Documentation
¶
Overview ¶
Package vectorindex provides an in-memory HNSW vector index for fast approximate nearest-neighbor search over chunk/entity embeddings.
It replaces the previous O(n) brute-force scan (store.CosineSimilarity over every chunk) with a logarithmic HNSW lookup, while keeping the SQLite store as the single source of truth: the index is rebuilt from BLOBs on boot via BuildFromStore. Concurrent reads + writes are safe (sync.RWMutex).
Index ¶
Constants ¶
This section is empty.
Variables ¶
var ErrDimMismatch = errors.New("vectorindex: vector dimension mismatch")
ErrDimMismatch is returned when a vector's dimension doesn't match the index's established dimension.
var ErrEmptyQuery = errors.New("vectorindex: empty query vector")
ErrEmptyQuery is returned when Search is called with an empty query vector.
Functions ¶
This section is empty.
Types ¶
type HNSW ¶
type HNSW struct {
// contains filtered or unexported fields
}
HNSW is a small, pure-Go Hierarchical Navigable Small World index.
It replaces the initial coder/hnsw wrapper, which shipped with broken top-k eviction (Max() on a min-heap returned data[last], evicting a near- arbitrary candidate instead of the worst). See: https://github.com/coder/hnsw/blob/v0.6.1/heap/heap.go#L85
This implementation follows Malkov & Yashunin (arXiv:1603.09320) with the conventional simplifications used by many OSS ports (FAISS, hnswlib):
- Layer-0 is the full graph; higher layers are probabilistically sampled copies with exponential decay (Ml = 1/ln(M)).
- Candidate/dynamic list uses a two-heap strategy: a max-heap of the top-k found so far, and a min-heap of candidates to expand next.
- Cosine similarity is the default; vectors are not normalized in place (caller should normalize if they care about strict cosine).
Safe for concurrent use: all public methods take the RWMutex.
func NewDefaultHNSW ¶
func NewDefaultHNSW() *HNSW
NewDefaultHNSW is the conventional M=16, efSearch=50, efConstruction=200 configuration.
func NewHNSW ¶
NewHNSW constructs an empty index with explicit parameters. m is the max neighbors per node (>=4, default 16 when <=0). efConstr is the ef parameter used during Add (default 200). efSearch is the ef parameter used at query time (default 50).
type Index ¶
type Index interface {
// Add inserts (or replaces) a vector under id. vec must match the
// dimensionality of previously-added vectors; if not, an error is
// returned (first Add establishes the dimension).
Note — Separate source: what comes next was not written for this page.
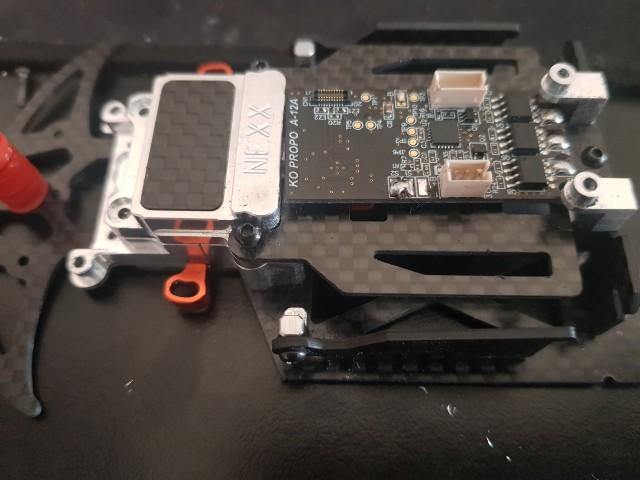 NEXX RACING Dual-Lipo Carbon Chassis Conversion Kit for MR03 (RED) NX-077 - Excel RC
Add(id string, vec []float32) error
// Remove drops id from the index. Missing ids are a no-op.
Remove(id string) error
// Search returns the top-k most similar vectors to query, ordered by
// descending cosine similarity.
Search(query []float32, k int) ([]Hit, error)
// Size returns the number of vectors currently in the index.
Size() int
// Dims returns the vector dimension (0 before first Add).
Dims() int
}
Index is the vector-index interface. Implementations must be safe for concurrent use by multiple goroutines.
func BuildFromStore ¶
BuildFromStore scans every (chunk, embedding) row in st and loads it into a fresh HNSW index. The embedding model is auto-detected from the first row; if multiple models coexist, only the dominant one is indexed (warning logged).
Returns an empty index (Size()==0) when there are no embeddings yet — this is the common case on a fresh install and not an error.